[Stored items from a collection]
_ _ _ _ _

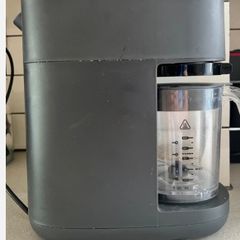 baby food maker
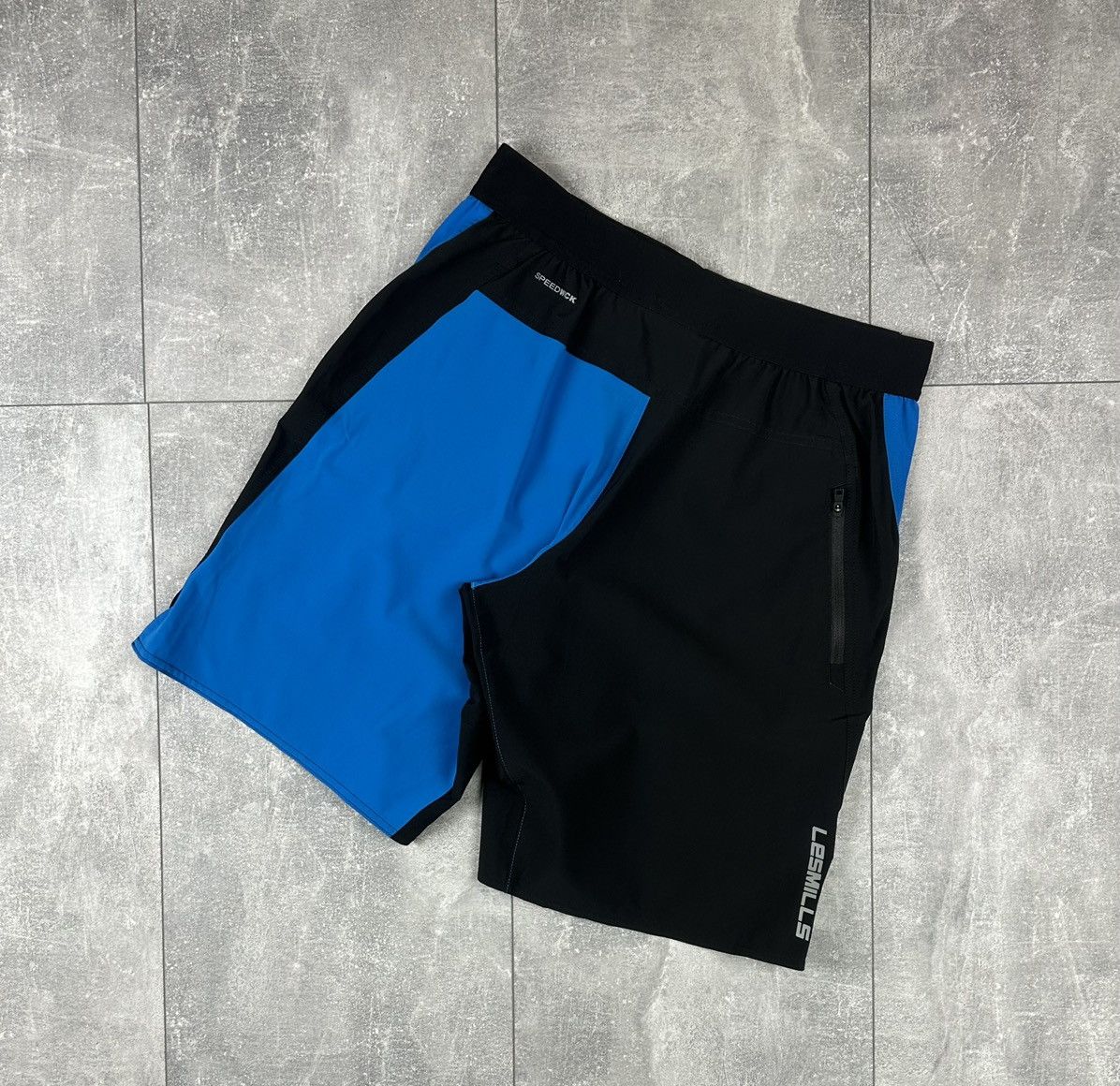 Reebok Reebok Les Mills Body Combat Sportswear Mens Short Size US 30 / EU 46 - 3 Thumbnail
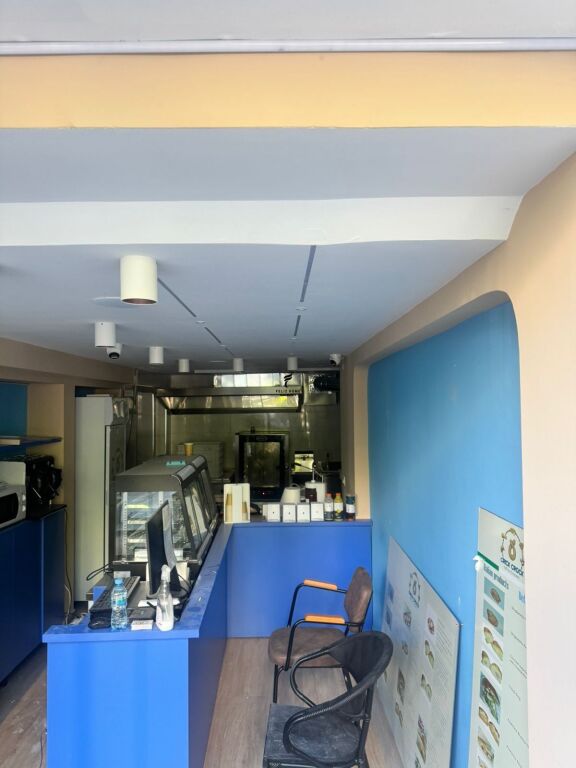 DYQAN ME QERA DUBLEX 63M2 QENDER 180.000 LEKE FH-71401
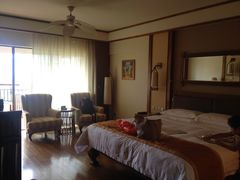 -三亚亚龙湾天域度假酒店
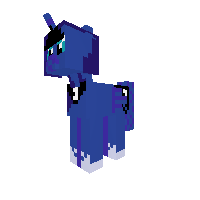 Princess Luna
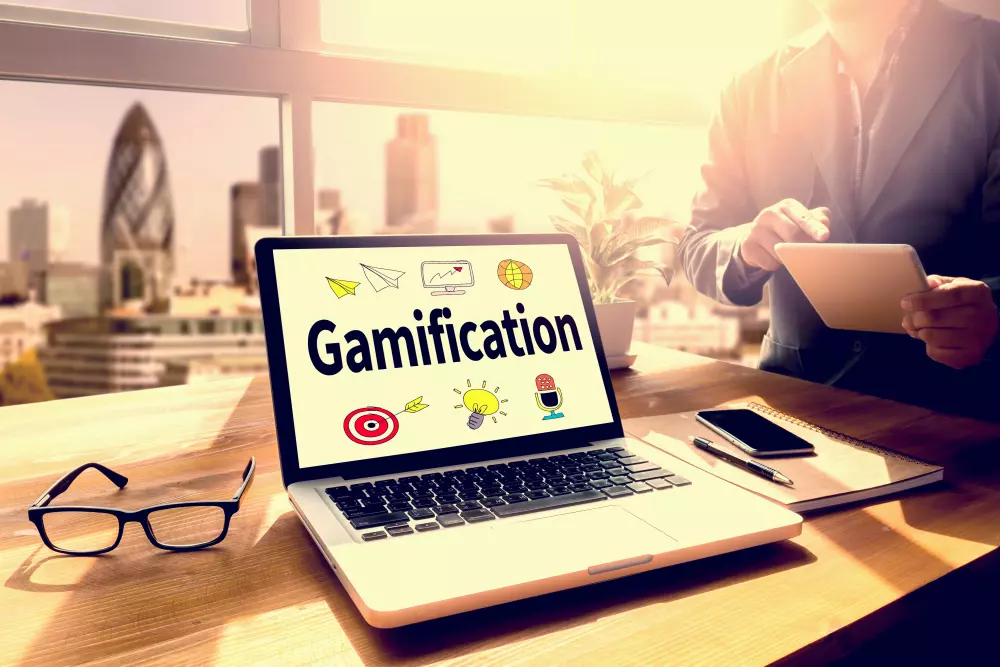 Cinema8 Blog - Sales Gamification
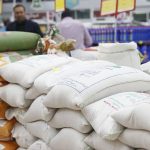 کد IRC برنج وارداتی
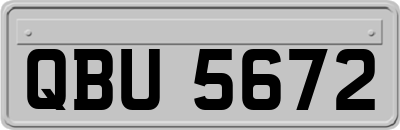 QBU5672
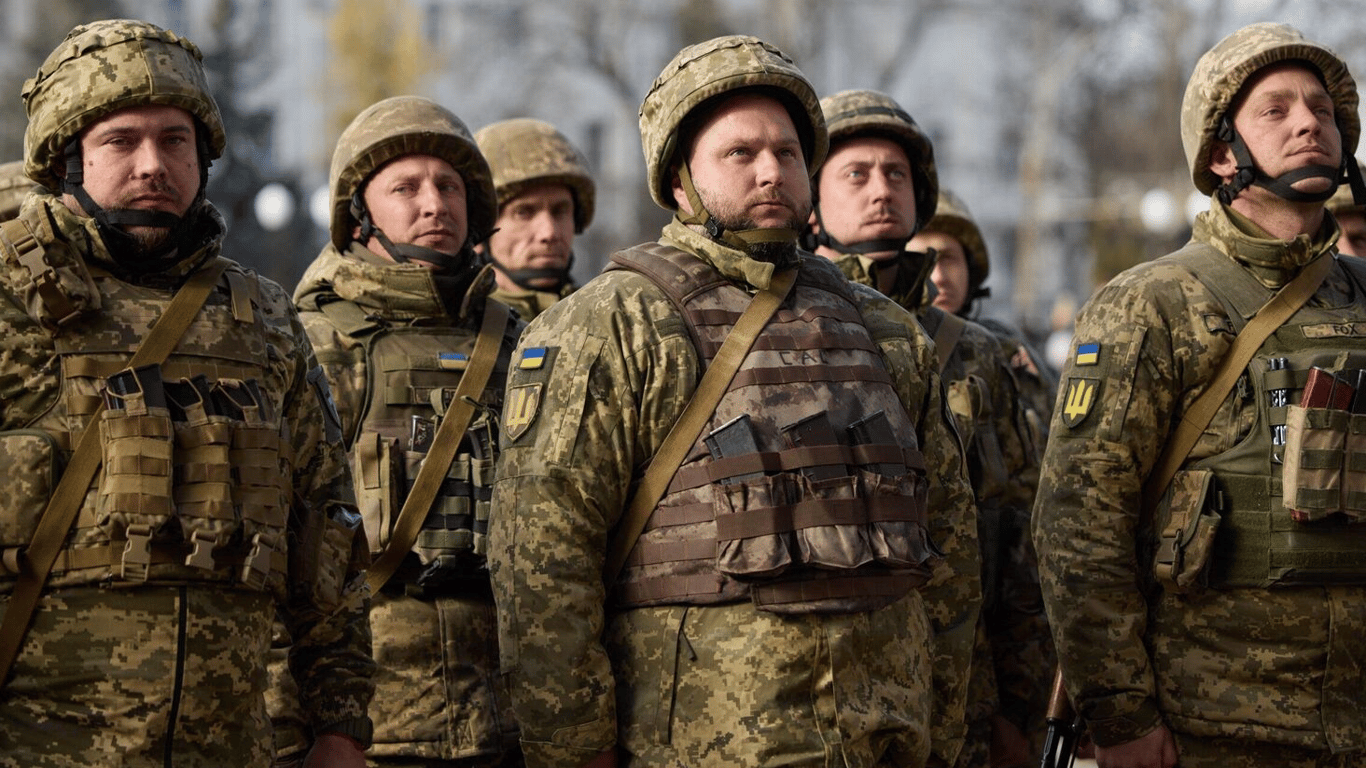 Потери российской армии близятся до 160 тысяч человек: новая сводка Генштаба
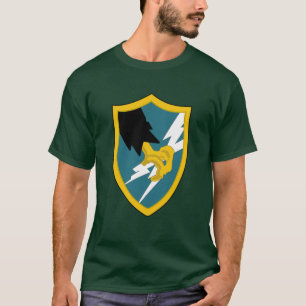ASA Shoulder Patch 1 T-Shirt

_ _ _ _ _

◆ Assigned task
For every line above, produce an exact transcription that omits the images.

◆ Response below
 baby food maker
 Reebok Reebok Les Mills Body Combat Sportswear Mens Short Size US 30 / EU 46 - 3 Thumbnail
 DYQAN ME QERA DUBLEX 63M2 QENDER 180.000 LEKE FH-71401
 -三亚亚龙湾天域度假酒店
 Princess Luna
 Cinema8 Blog - Sales Gamification
 کد IRC برنج وارداتی
 QBU5672
 Потери российской армии близятся до 160 тысяч человек: новая сводка Генштаба
ASA Shoulder Patch 1 T-Shirt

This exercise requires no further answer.